Con questo “Lucro sucio; Los ojos del vacío” (“Profitto sporco; Gli occhi del vuoto”), però, i terreni non sono incogniti soltanto per loro. La fusione di elettronica avvolgente e dedali progressivi proposta dall'album ha effettivamente caratteristiche inedite, che la rendono unica anche al di là della personalità sempre riconoscibile nella produzione del combo allargato.
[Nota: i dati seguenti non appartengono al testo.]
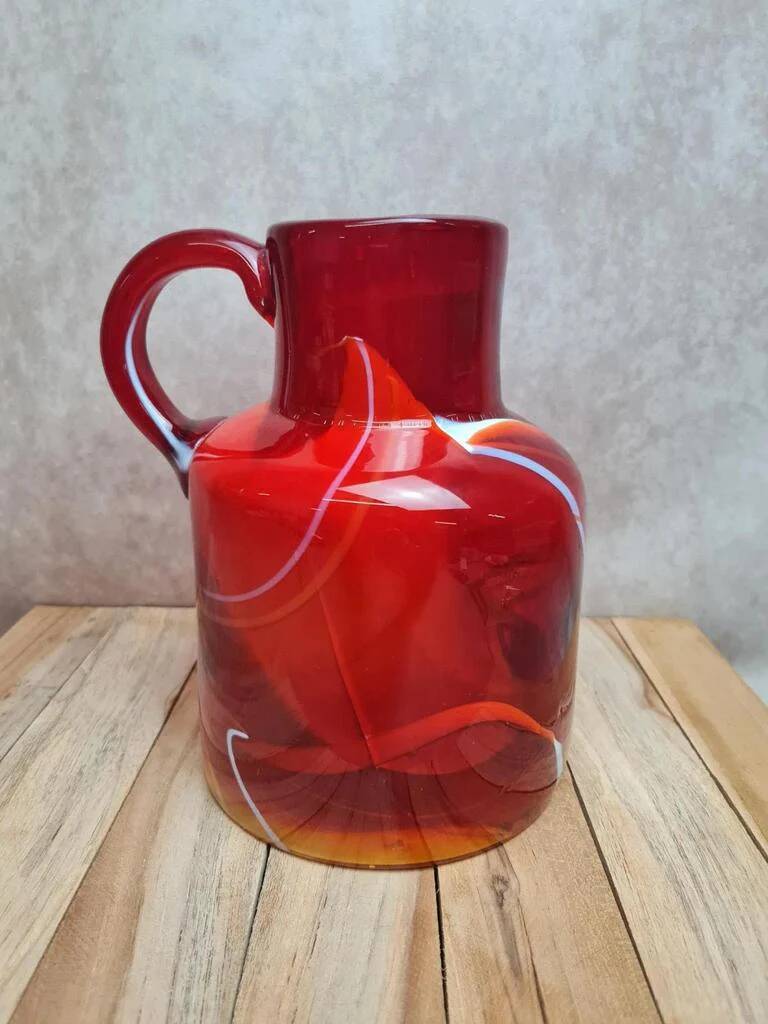 Vase / jug in blown red glass – Murano style – vintage piece from the 1970s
I synth torbidi di “Cue The Sun” hanno un suono che era più facile attendersi da Alessandro Cortini nei Nine Inch Nails o dai Radiohead, ma una tensione melodica che è spigolosa e viscerale come ogni cosa prodotta da Rodríguez-López e Bixler-Zavala, e allontana il risultato da ogni prevedibilità. In “The Iron Rose” le texture sintetiche sono, se possibile, ancor più minacciose e mutevoli: una coltre glaciale, saturante e pervasiva che, a tratti, sembra liquefarsi in tempo reale. E le tastiere fluttuanti, penetranti, perlacee dominano anche la conclusiva “Lucro Sucio”, intrecciandosi ai movimenti jazzati del piano per dar forma a un intarsio eclettico e spaesante.
Pur trattandosi di un disco sorprendentemente quieto e morigerato per chi ha presenti i trascorsi della band, ci sono brani in cui i Mars Volta più incazzosi e ipercinetici tornano a leggersi in filigrana.
In “Reina Tormenta”, l’elettronica in primissimo piano non è un ostacolo ma uno slancio per reinventarsi la consueta fusion aliena di ritmi latini, traiettorie jazz-rock oblique e strofe enigmatiche, acutissime ed effettate.
E le trame da jazz psichedelico, costruite su bassi ipnotici e arpeggi di Rhodes, tornano protagoniste in “Celaje”, il cui flusso metamorfico ondeggia tra addensamenti e rarefazioni, fra svuotamenti bruschi e incursioni di organo, fiati, tappeti mellotroniani, batteria sovreccitata.
“Alba del orate”, a metà strada fra il vecchio e il nuovo, riassume forse meglio di tutte il senso della metamorfosi: una vecchia identità che riaffiora dentro una forma musicale tutta diversa, meno frenetica, ma altrettanto inquieta. Il brano rispolvera la chitarra – altrove quasi assente – facendone incontrare i toni più distorti con lo sfarfallio dei synth in detune. “Un disparo al vacío”, invece, delude un po’ le aspettative, giocando la carta dell’all-in afro-cubano, con un voltafaccia a pezzo inoltrato, troncando però le evoluzioni ritmiche di montuno e tumbao prima che possano esplodere in una nuova “L'Via L'Viaquez”.
“Lucro sucio; Los ojos del vacío” è un disco che riapre il cantiere creativo dei Mars Volta con più idee che certezze, ma finalmente senza filtri: frammentato, affascinante, in transito – e tanto più interessante proprio perché sembra ancora solo un primo passo.